## WHAT TO PRODUCE
Please return only the lines from the one with "Appartement F4 à" through the final line of the data, unchanged, with pictures omitted.

## DATASET EXTRACT
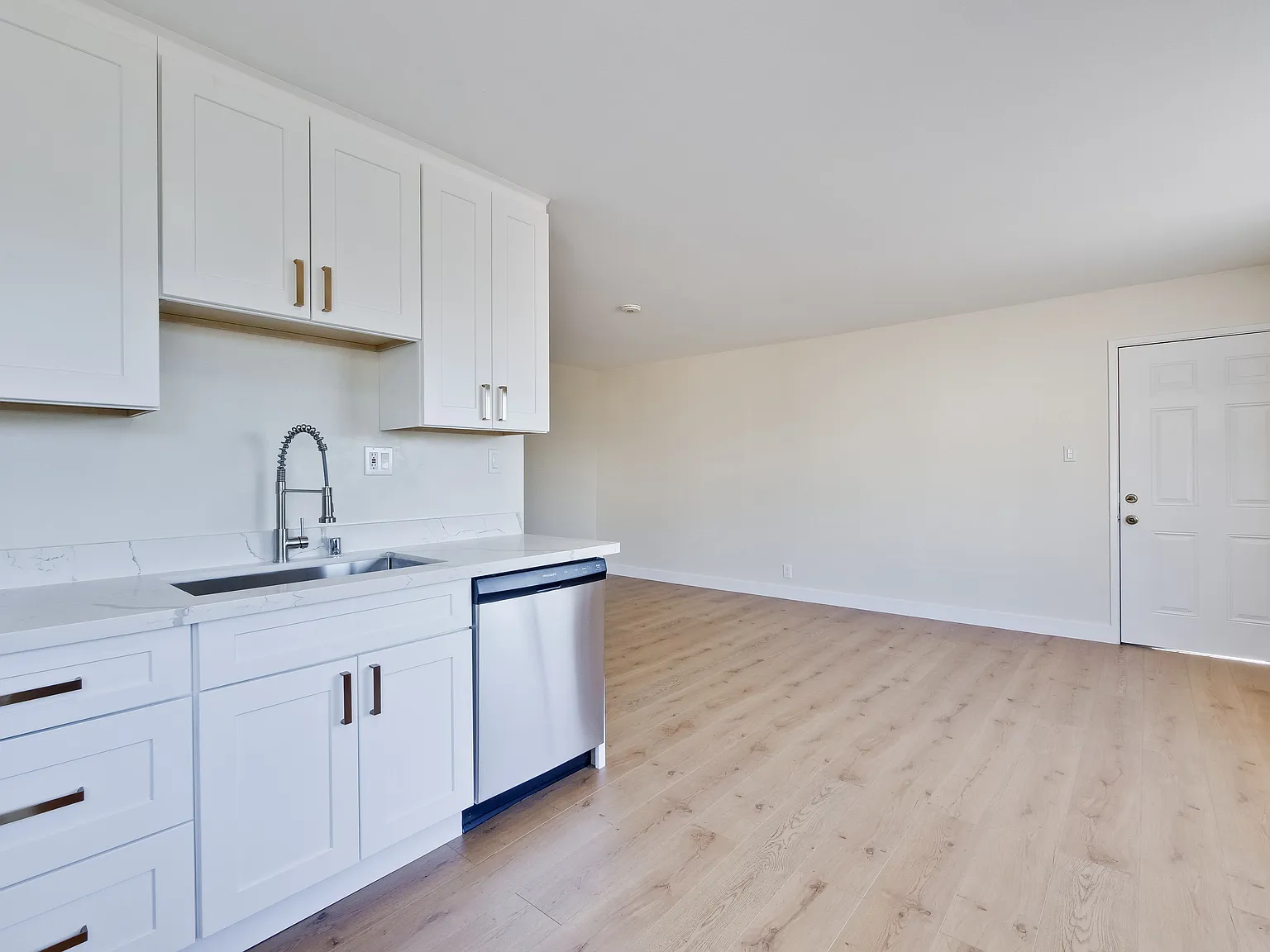 2 bed, 650 sqft, $2,495 — Photo 2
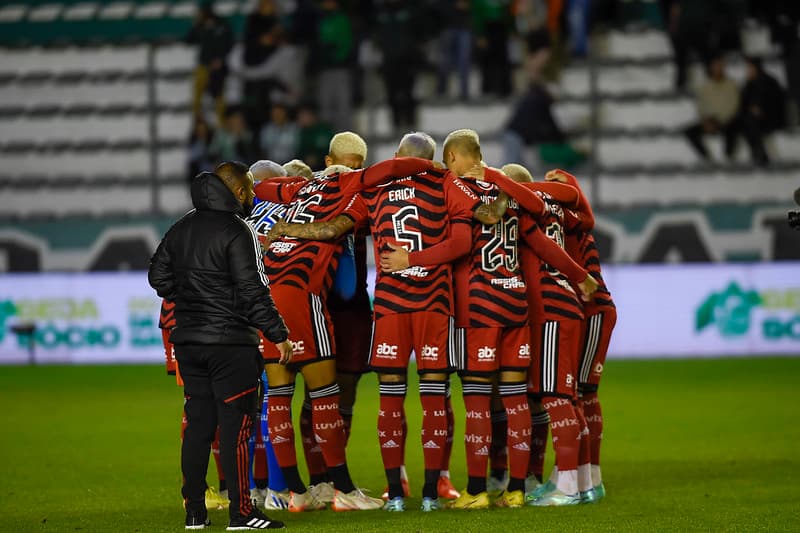 Time do Flamengo contra o Juventude.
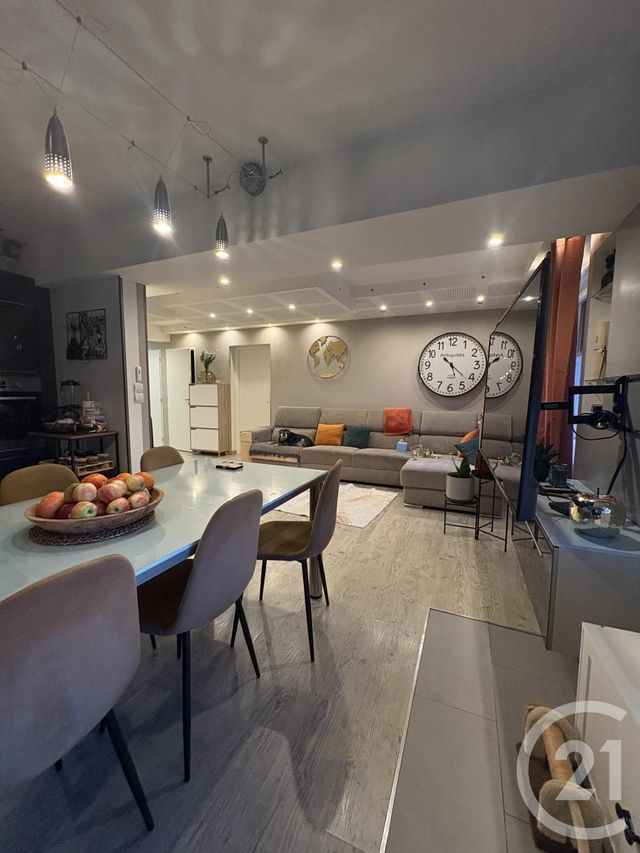 Appartement F4 à louer - 4 pièces - 98.0 m2 - PONTARLIER - 25 - FRANCHE-COMTE - Century 21 Avenir Immobilier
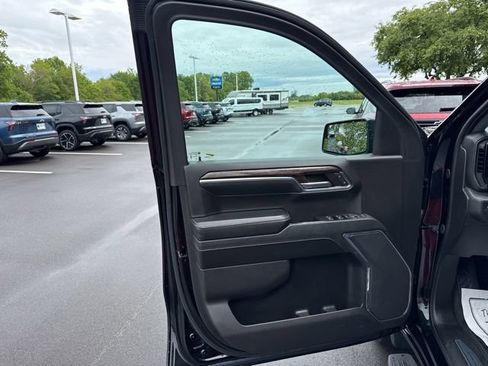 Used 2024 GMC Sierra 1500 Elevation AWD/4WD image 14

## YOUR RESPONSE
 Appartement F4 à louer - 4 pièces - 98.0 m2 - PONTARLIER - 25 - FRANCHE-COMTE - Century 21 Avenir Immobilier
 Used 2024 GMC Sierra 1500 Elevation AWD/4WD image 14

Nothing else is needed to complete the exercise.